Since high school, she has improved by nearly eight feet.

She wants to be as inspiring in Dominica as Alfred is in Saint Lucia. LaFond said she wept when she saw the sprinter win gold. So, she texted her husband, saying she desperately wanted to do the same.

“His word back to me were like: ‘It’s OK. It’s your turn.’“

Dominica has one other world medal, by former Arkansas triple jumper Jerome Romain, in the 1995 World Championships at Gothenburg, Sweden.

The other gold medal at Sunday’s early session also went to an athlete from an island nation, high jumper Hamish Kerr of New Zealand.
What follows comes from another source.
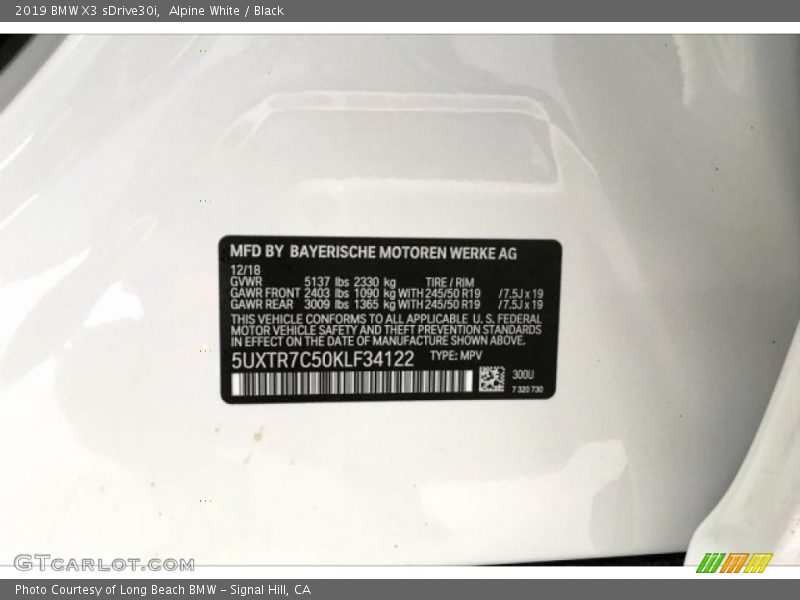 Alpine White / Black 2019 BMW X3 sDrive30i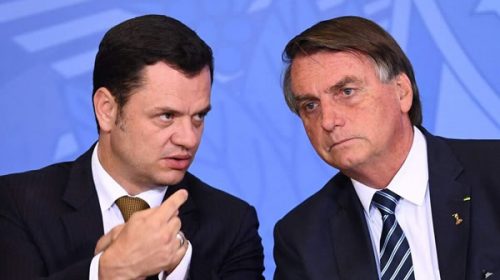Brasil: Congelan las cuentas de Bolsonaro y detienen a su ministro de Justicia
He was three bars and eight centimeters clear of the field, equaling the biggest margin in meet history. Kerr’s jump of 7-8.75 (2.36m) was an Oceania record and tied the highest jump in the world, indoors or outdoors, since January 2023.

Silver and bronze medalists, Shelby McEwen and South Korea’s Sanghyeok Woo, both jumped 7-5.75 (2.28m). Only one medalist in meet history had a lower jump.

“I have mixed emotions now because there will be a target on my back and I know the guys will be coming for me as they come into form outdoors ready for Olympic year,” Kerr said. “But to be jumping this high early season has got to be good."

The 27-year-old Kerr was 10th at last year’s World Championships after a 2022 season in which he won World indoor bronze and Commonwealth Games gold. He stands 6-foot-6, resembling an NBA “stretch four," but said he is no basketball player.

“My coordination is good for high jump. I think we’ll just leave it at that,” he said.

McEwen, also 27, was a 2019 NCAA indoor champion at Alabama. At the outdoor World Championships, he was fifth in 2022 and seventh in 2023. This was his first global medal.

“I love indoors, and this is my best indoor season by far, but I'm looking forward to going to Paris and going to the U.S. Olympic Trials,” McEwen said. “My confidence is just shot through the roof right now.”

The other American, Vernon Turner, finished sixth at 7-4.25 (2.24m).